Are you a retailer? Want to know what accounting changes would be required for GST?

GST is a complete change in the existing tax system and it’s a different at many levels, Retailers, in particular, can expect quite a few changes in the accounting for GST .This can extend well up to keeping track of the different components of GST, separate entities for inter and intrastate sales, and even some additional accounts in your Chart of Accounts.

More often than not, new laws mean new paperwork for you to deal with. Transitioning from your traditional accounting method to the GST system can be a bit hard, especially, since you’ve been using ledger books to keep your books. You’ll have to move online. Since retail business has a lot of book keeping required and daily transactions this is the best time to switch from Offline to Online and come on to software like Giddh.com which is a ready to use.

Listed below are some changes that the retails will have make for being GST READY .

Retailers will need to re-categorize the goods you sell into the five GST rates (0%, 5%, 12%, 18%, and 28%).

The invoice format might need a few changes to accommodate GST requirements like GSTIN, and the place of the consumption for retailers for GST. Since inter and intra state sales and purchases are taxed differently, you’ll need to keep track of them separately. This extends to tax components as well; you need to keep track of the CGST, SGST, and IGST components separately.

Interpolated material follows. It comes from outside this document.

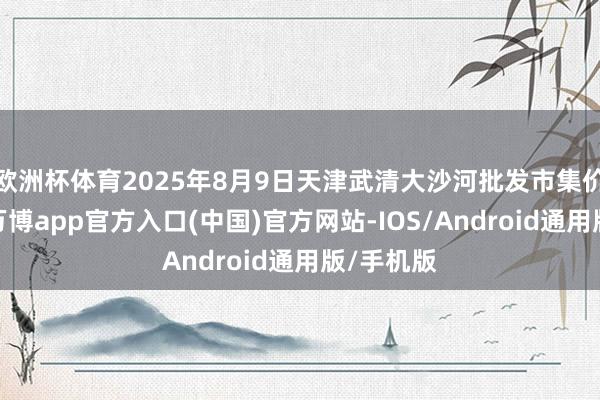 欧洲杯体育2025年8月9日天津武清大沙河批发市集价钱行情-万博app官方入口(中国)官方网站-IOS/Android通用版/手机版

When transitioning to GST, it’s likely to bring significant tax benefits by the way of input tax credits. Now, refundable taxes are not to be considered a part of your actual cost of acquisition of goods or services. It should be accounted under assets rather than an expense. You need to re-configure your inventory valuation, and your expense recording rules based on this to ensure that your tax credits are kept track of properly.

In addition to this, you might have to update your chart of accounts to keep track of all this. The obsolete tax accounts will need to be replaced with new ones based on the type of business, credit availment rules, and place of purchase and sales.